==== Exercise data ====

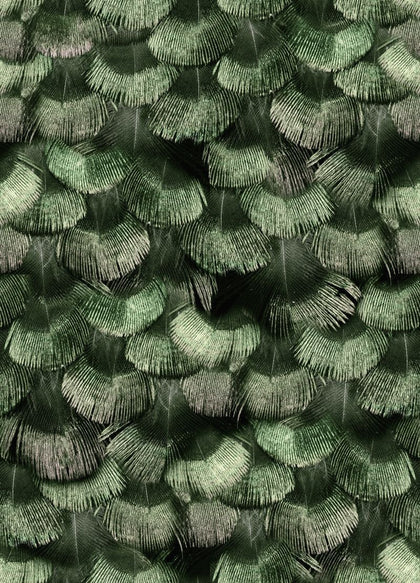 Petite Peackock Plumage, Jade | Rebel Walls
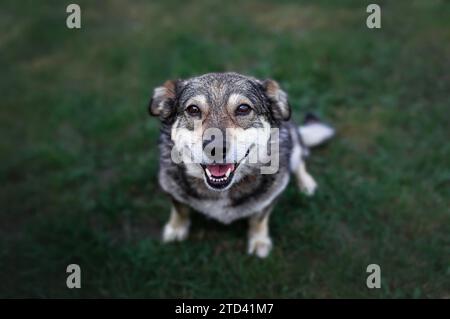 Süßer Hund, der auf dem Gras sitzt und lächelt Stockfoto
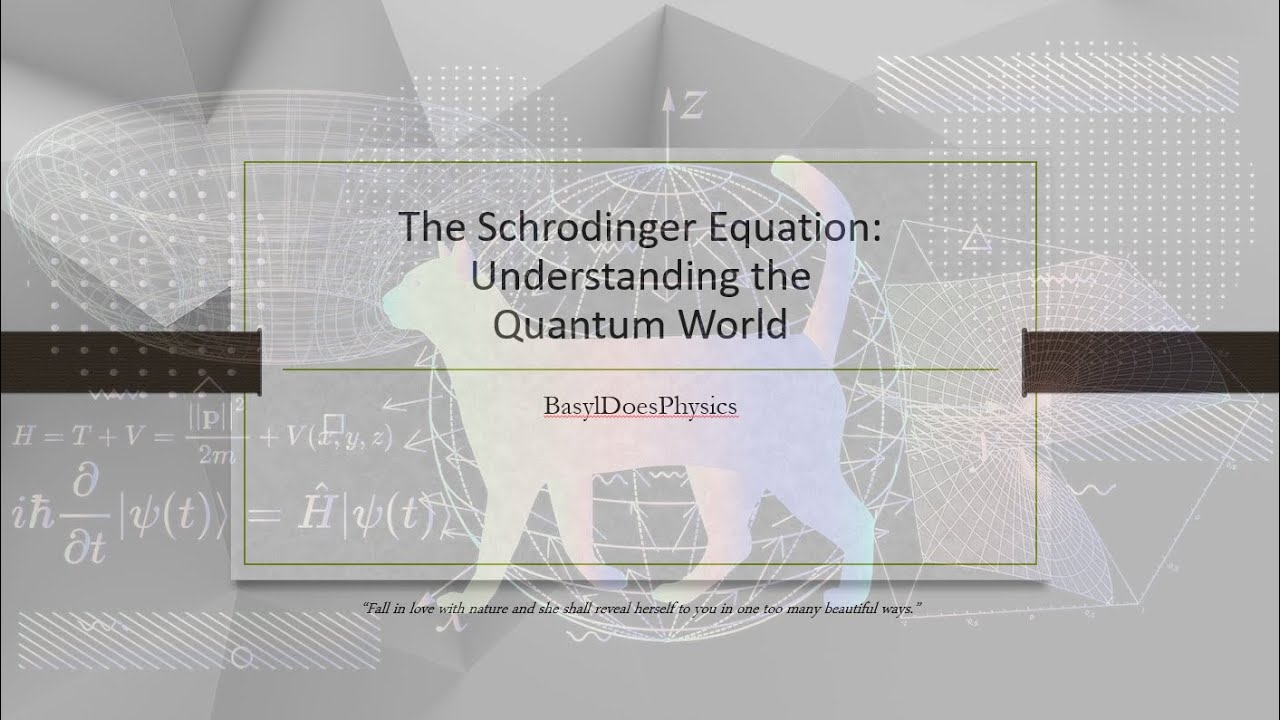 The Schrodinger Equation: Understanding the Quantum World
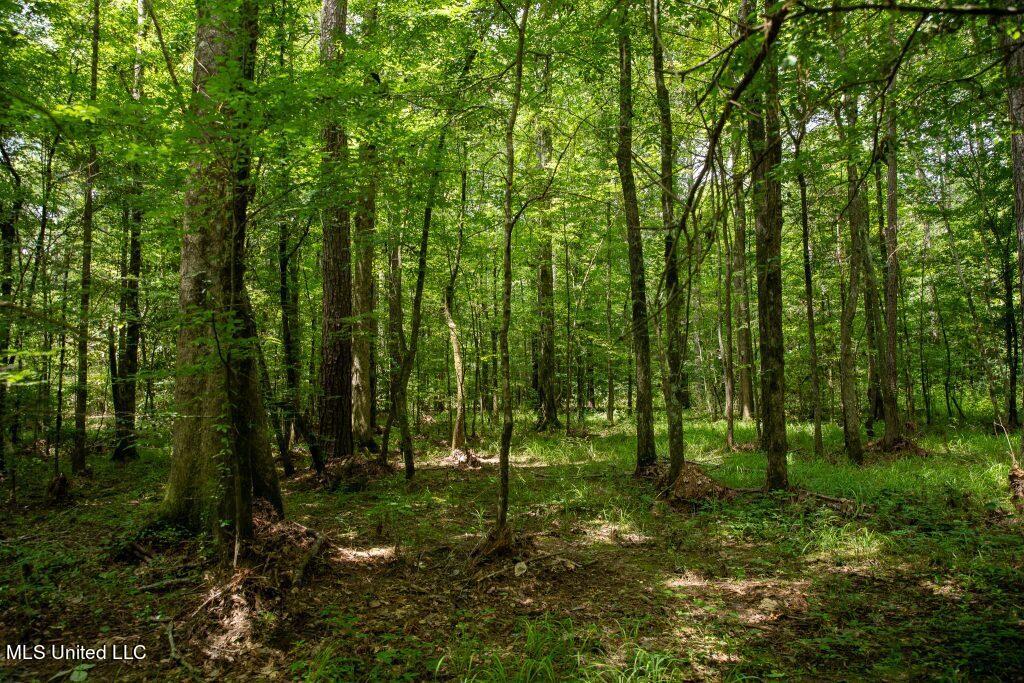 Ashley Road, Puckett, Mississippi image 8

====

Exercise: When you repeat the data, keep it exact and drop every picture.

Written answer:
 Petite Peackock Plumage, Jade | Rebel Walls
 Süßer Hund, der auf dem Gras sitzt und lächelt Stockfoto
 The Schrodinger Equation: Understanding the Quantum World
 Ashley Road, Puckett, Mississippi image 8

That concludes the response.